# basement framing question



## Indyc0lt (Sep 14, 2011)

single top plate will be sufficient.


----------



## spring3100 (May 6, 2011)

Non load bearing partition walls only require a single top plate.

If you have room,place bottom plates to floor standing off wall an inch or so,square plates to one another,then shoot in with ramset or the like, then build walls on ground(1/4 to 3/8ths inch shorter than measurement of wall minus bottom plate),and lift into place,shim,level and nail.

Disco,instant perimeter walls.


----------



## titanoman (Nov 27, 2011)

One plate is just wrong, IMO.
Hard to nail sheetrock, makes you find studs to nail crown, and a few reasons I'm not thinking of.
And two plates on the bottom is just wrong, IMO.
Just frame the wall on the ground with one green plate, stand it.
Try avoiding shims.


----------



## AtlanticWBConst. (May 12, 2006)

There are no loads requiring support above. Single top plate and single PT bottom plate is all that is needed. 

A single top plate allows you to easily nail-off (or fasten) to the overhead joists. A double top plate does not allow that.

If you plan on doing some specialized moldings in the location (it may be necessary to - later - add additional nailing stock where needed - according to your plans for moldings, trim, shelving, TV-mounts, grab bars, etc, etc). 

- New-Home Construction Basement: You should be able to measure and build your wall lengths, and stand them up into position to nail to overhead joists (mark off walls onto floor prior).

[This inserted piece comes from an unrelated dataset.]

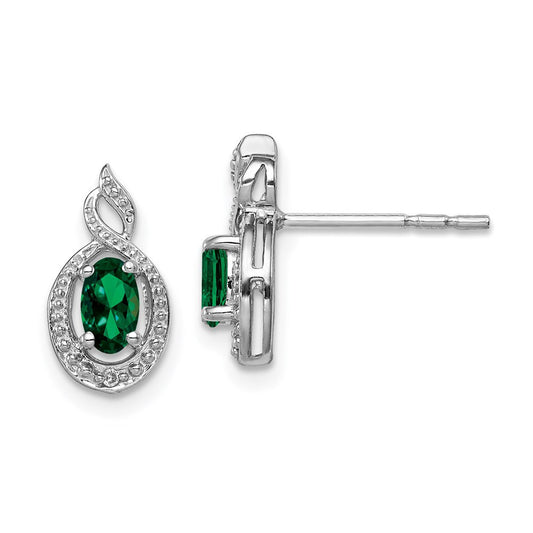 Sterling Silver Rhodium-plated Created Emerald & Diam. Button Stud Earrings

This is usually possible, due to more consistent floor to ceiling heights (dependent on how the concrete floor was finished). 

- Older-Home: You may need to stick-frame the walls, due to irregular joist and floor heights (inconsistency).

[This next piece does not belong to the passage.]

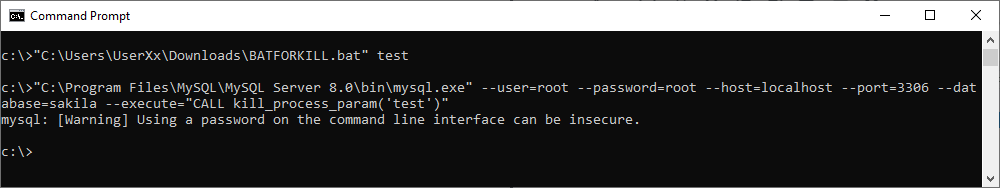 Running the .bat file via the command prompt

Leave a space between the foundation wall and the new framed wall for air-flow.

And, IMHO - I started off in this business doing drywall - a very, very long time ago (as a Drywall Subcontractor) , and never had any problems screwing/nailing to single bottom or top plates. That is not to say that the average DIYer won't have difficulty.....


----------



## titanoman (Nov 27, 2011)

AtlanticWBConst. said:


> Single top plate and single PT bottom plate is all that is needed. There are no loads requiring support above.
> 
> Leave a space between the foundation wall and the new framed wall for air-flow.
> 
> ...


What possesses people to, "I've been doing this for blah blah blah so many years"?
I've posted over 1000 times, and have never said that I've been a Master carpenter for 30 years, specializing in stairs and roofs, the most challenging of all.
Maybe once because I was blowing up at somebody that thought I was out of some other carpenters league.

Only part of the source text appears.